In late 2018, to the great shock of tumblr users and scholars, Tumblr Inc. announced that it was banning all “photos, videos, or GIFs that show real-life human genitals or female-presenting nipples, and any content … that depicts sex acts” to “keep the community safe” (staff 2018). The source of this sudden and radical change is twofold: the US Senate passed the twin bills of FOSTA/SESTA (Fight Online Sex Trafficking Act and Stop Enabling Sex Traffickers Act) amending the CDA 230 to allow internet intermediaries to be held responsible for “promoting or facilitating prostitution” or “knowingly assisting, facilitating or supporting sex trafficking,”8 and tumblr’s mobile app was briefly banned from Apple’s App Store on the basis of claims that child pornography had been found on the site.9 LGBTIQA+, fandom, sex worker, artist, and academic circles pointed out that the ban would destroy a unique, safe, and empowering space that many often-marginalized individuals and groups used for exploration of self and sexuality (Ashley 2019; Liao 2018).10 Despite experts’ and users’ suggestions that there are better ways to deal with presumed child porn and increasing porn-bots,11 or that perhaps the growing subsection of racist hate speech warrants attention (Tiidenberg 2019a), Tumblr Inc. went ahead with the ban as planned.

Although many users hoped that the NSFW ruling would be reversed under Automattic, CEO Mullenweg refuted that hope by citing the app stores’ intolerance of NSFW content as the reason for the ban (Patel 2019).
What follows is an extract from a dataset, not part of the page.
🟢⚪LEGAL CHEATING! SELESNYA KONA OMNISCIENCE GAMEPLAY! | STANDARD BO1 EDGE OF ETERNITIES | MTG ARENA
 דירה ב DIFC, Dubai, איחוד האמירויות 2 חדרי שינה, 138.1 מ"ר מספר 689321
Sexually explicit content is still present on the platform, though its make-up and volume has changed. Based on our experiences, original visual content created by tumblr users themselves, often of themselves (see Chapter 6), is nearly gone. What remains is pornographic content: GIFs, videos, and still images from porn, which are much more explicit than selfies with female-presenting nipples ever were.